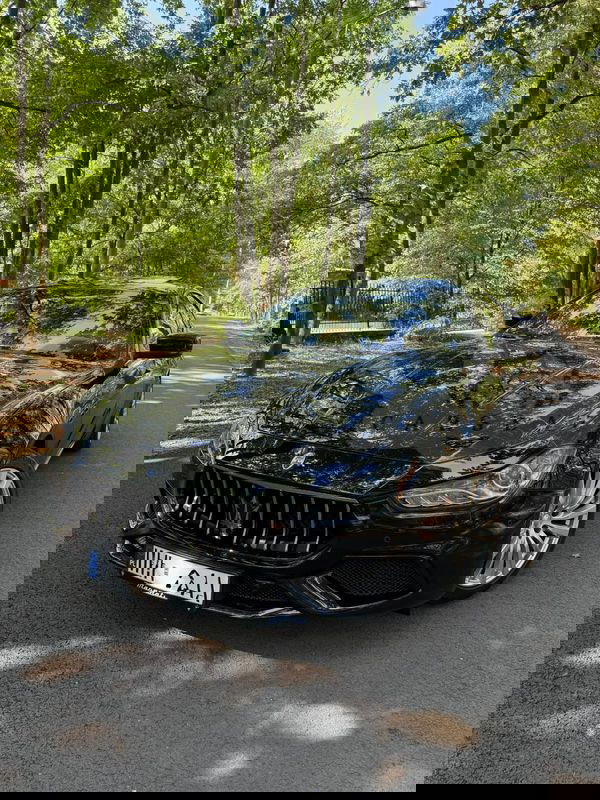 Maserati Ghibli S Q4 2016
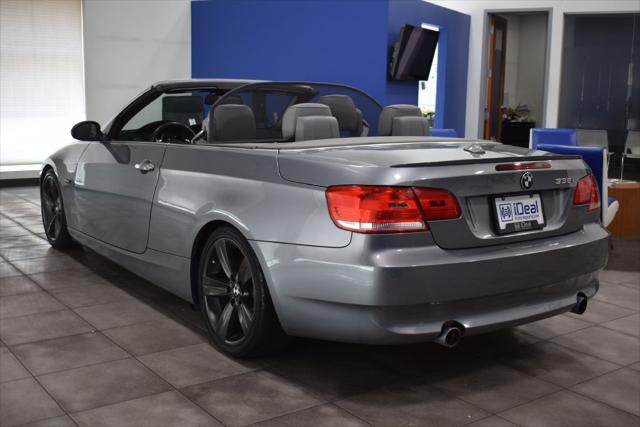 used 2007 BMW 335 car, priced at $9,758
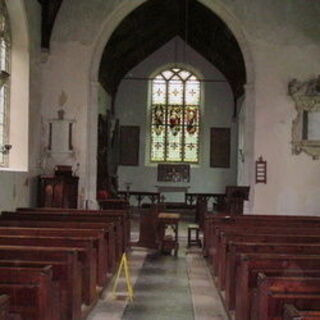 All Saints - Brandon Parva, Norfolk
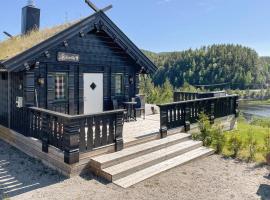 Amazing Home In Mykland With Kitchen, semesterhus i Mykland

**EXERCISE GOAL**
Take the listing above and print it exactly, apart from the pictures.

**RESULT OF THIS EXERCISE**
 Maserati Ghibli S Q4 2016
 used 2007 BMW 335 car, priced at $9,758
 All Saints - Brandon Parva, Norfolk
 Amazing Home In Mykland With Kitchen, semesterhus i Mykland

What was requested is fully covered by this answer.